The example downhole tubing rotator 100 also has a bearing retainer 160 outside the outer axial surface of the pinion retainer 152 and between an upper end of the anchor mandrel 132 and a lower radial surface of an upper flange of the pinion retainer 152. The pinion retainer 152 is threaded into the anchor mandrel 132 in an embodiment, and the bearings 162 allow relative rotation between the pinion retainer 152 and the bearing retainer 160, which is attached to the housing 170. The swivel module 110 can thus be rotated relative to the pinion retainer 152 and accordingly the anchor module 106 to which the pinion retainer is coupled. A radial surface of the planetary drive sub 146 rests on an upper radial surface of the upper flange of the pinion retainer 152 and provides further support for the mandrel 102.

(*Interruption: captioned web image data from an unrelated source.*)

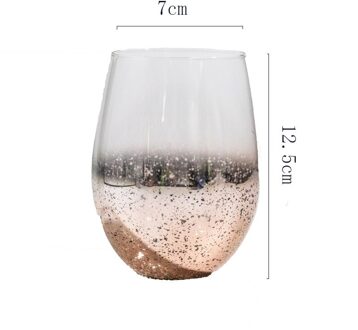 Sterrenhemel Glas Home Melk Cup Sap Cup Creatieve Galvaniseren Koud Drankje Cup Thuis Ontbijt Cup Kawaii Water Fles gouden sterrenhemel lucht / 550ml-2stk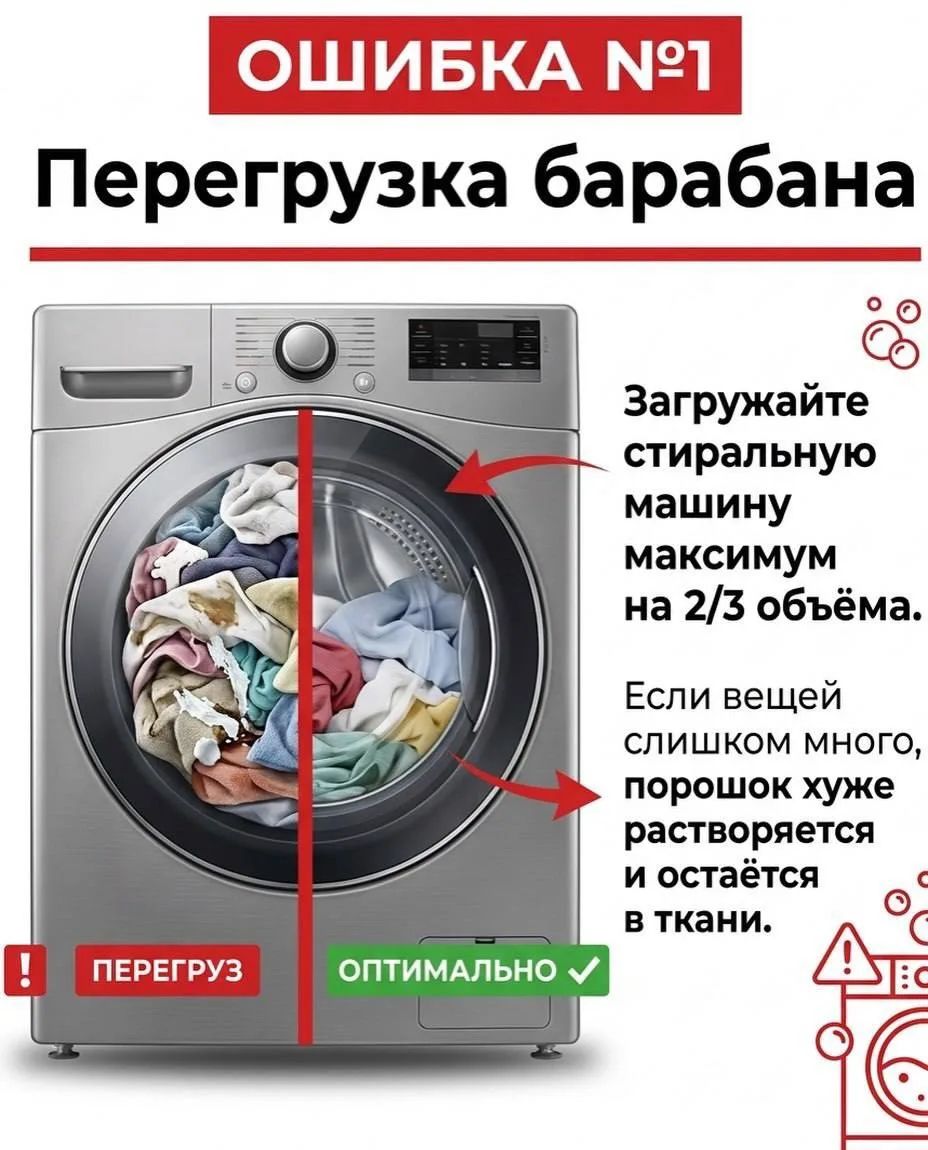 🧺 Секреты стирки

👉 Лайфхаки для хозяйки
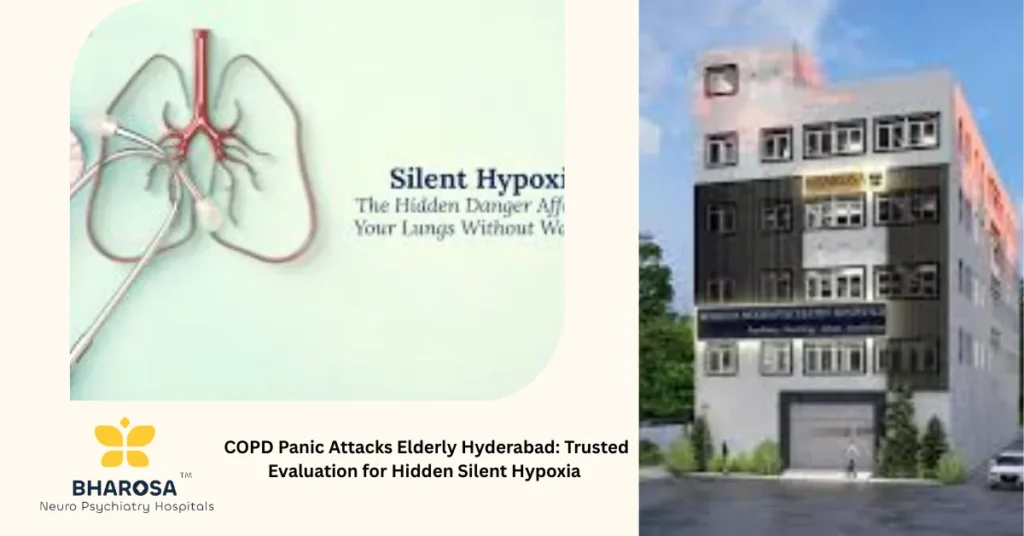 Elderly patient with COPD panic attacks elderly Hyderabad receiving expert care at Bharosa Hospitals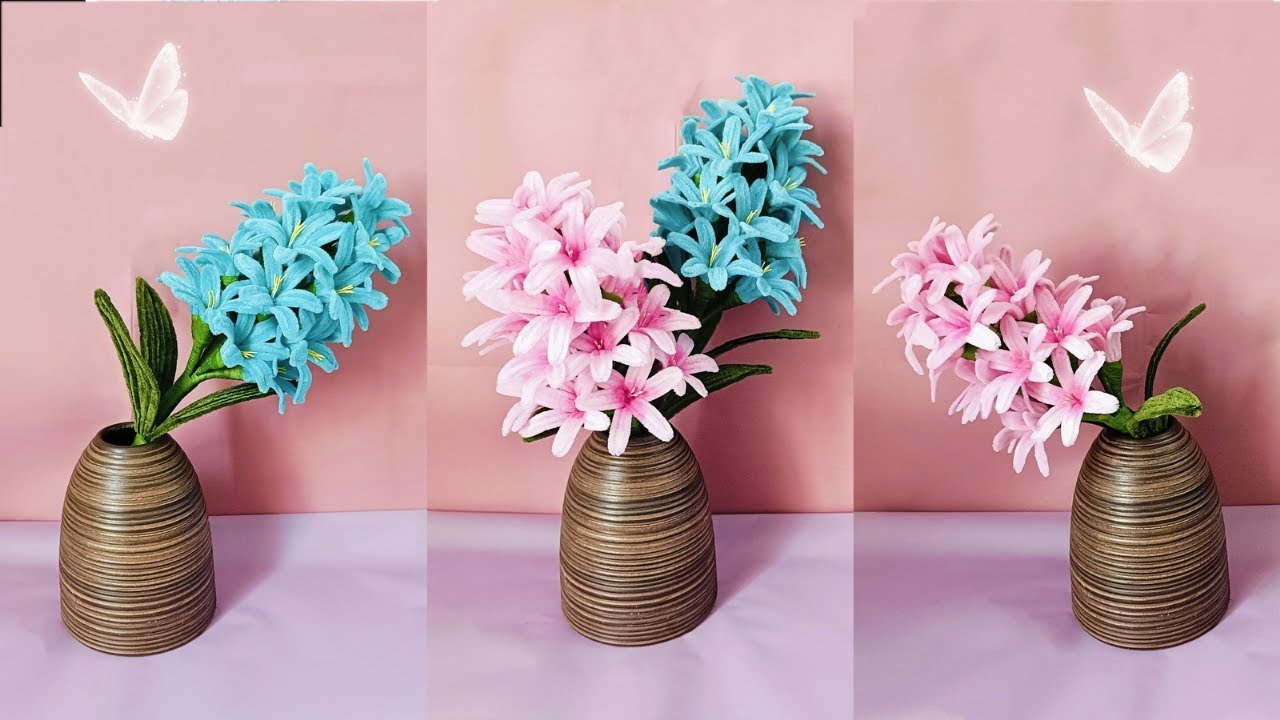 DIY with pipe cleaner - Easy DIY Hyacinth Flowers for Beginners – Transform Your Space - KESA DIY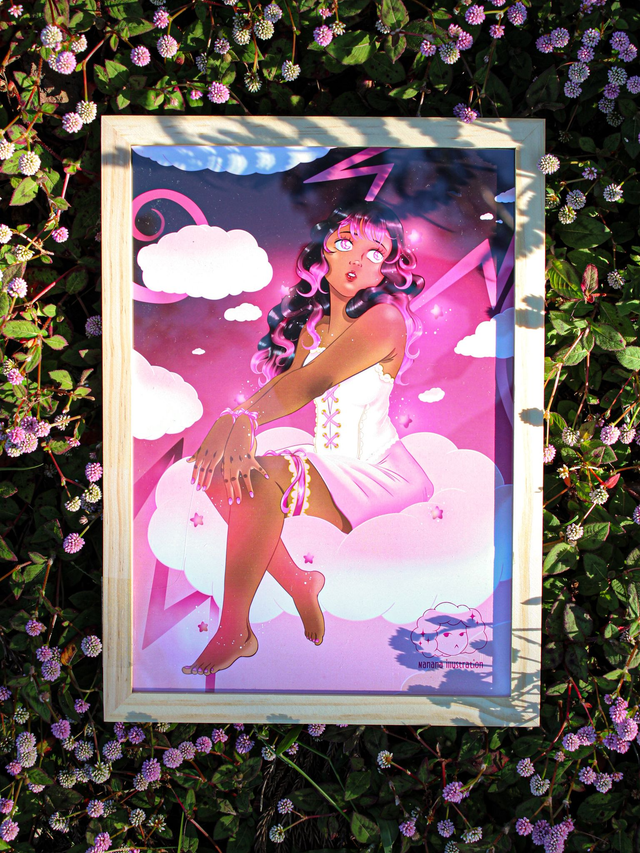 Illustration Pinky format A4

In the example shown, the planet gears 148 are held in place on the pinion pins 150 and against the pinion retainer 152 by a planetary back plate 164 and screws 166. Spacing between the planetary back plate 164 and the pinion retainer 152 is maintained by planetary cage spacers 168 in the example shown. The screws 166 pass through central bores or holes through the planetary back plate 164 and the planetary cage spacers 168, and into bores or holes in the upper flange of the pinion retainer 152. These bores or holes in the upper flange of the pinion retainer 152 could, but need not, pass entirely through the upper flange.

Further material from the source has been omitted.